Есть только одна возможность сделать так, чтобы они покинули его. Это, в сущности, просто. Даже слишком просто, может, оттого он прежде не думал об этом.

Надо лишь хорошо сосредоточиться. Освободить гудящее пламя, пока еще невидимое. Впервые — не во славу Германии и кайзера. Впервые — для фойрмейстера Альберта.

Альберт улыбается, чувствуя под ладонью горячо бьющееся сердце.

Все оказалось очень просто. Он даже не успевает почувствовать, как все заканчивается.

— …хуже, чем мы думали, Франц, — говорит седой хауптман с погонами шутц-полиции своему собеседнику, лихо опрокидывающему пивную кружку, — Когда фронт лопнул, мы знали, сколько остервеневшей солдатни устремится домой. Дезертиры, воры, растлители… Неуправляемая, безумная масса. Новые готы! Вандалы! Но хуже всего на улицах. Убийства и грабежи вспыхнули необычайно сильно. И неудивительно! Это то же самое, что запустить в курятник целый выводок голодных хорьков!.. Каждую ночь доставляют тела, подчас убитые весьма изощренно. До чего доходит… Этой ночью, как раз в мое дежурство, приносят руку. Человеческую руку, Франц!

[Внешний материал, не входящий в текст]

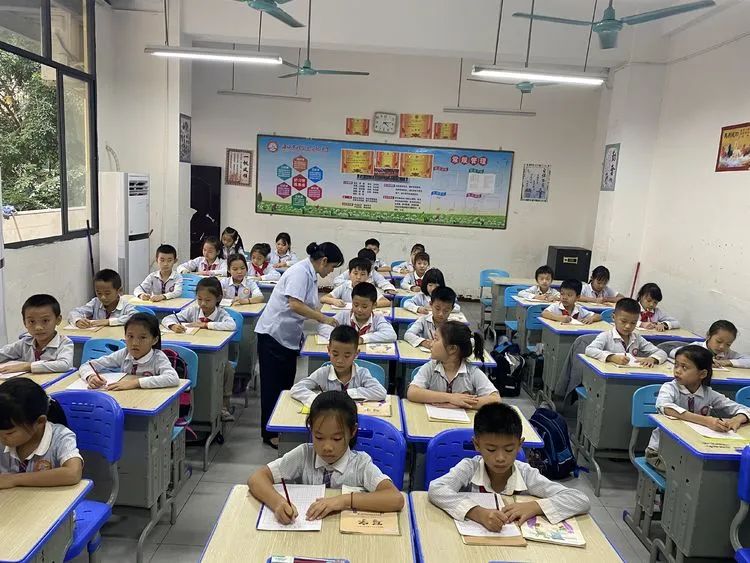 小學(xué)部教師節(jié)感恩||濃情九月，老師們教師節(jié)快樂！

— Отрезана? — деловито спрашивает его приятель, вытирая усы от липкой пены.

— Если бы отрезана! Как будто огнеметом оторвало. Срез обожжен, а сама рука — целехонька! Что эти мерзавцы удумали в этот раз даже не представляю… Тела нет, только золы немного. А рука есть. Лежит…

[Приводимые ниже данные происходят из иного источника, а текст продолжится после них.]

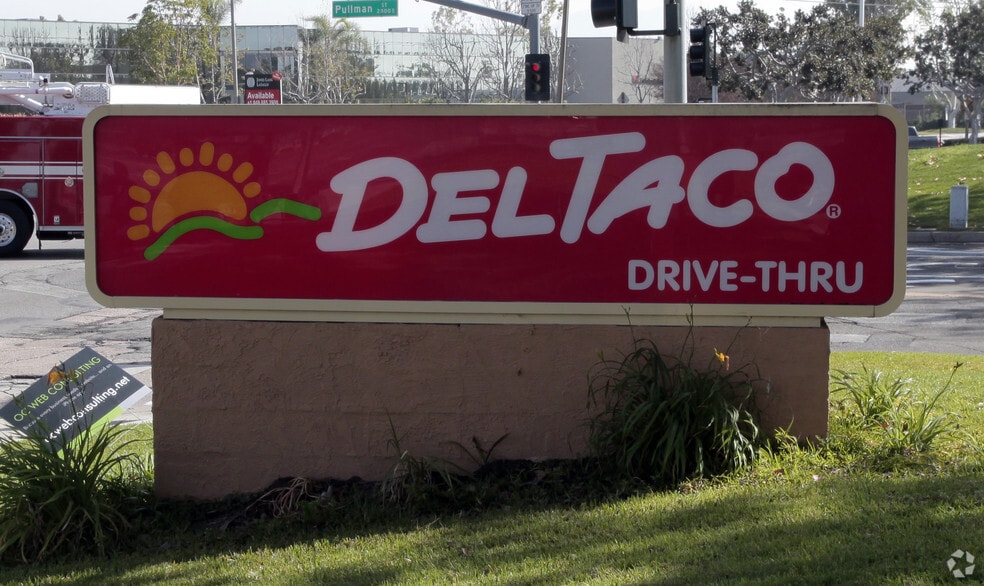 More Photos Of 1740 E Dyer Rd, Santa Ana Fast Food For Lease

— Может, на ней следы есть? Иной раз помогает разобраться. Кровь под ногтями, татуировки, еще что?

— Нету следов. Никаких. Разве что ладонь немного в копоти, ну так это у всякого бывает.

— Страшное время, — вздыхает тот, — Жестокое, новое, страшное. То ли еще будет.

— И верно, страшное, — вздыхает седой хауптман, потом моргает, вскидывает голову, — Эй, хозяин, ты, никак, спишь? А ну-ка еще две кружки господам полицейским!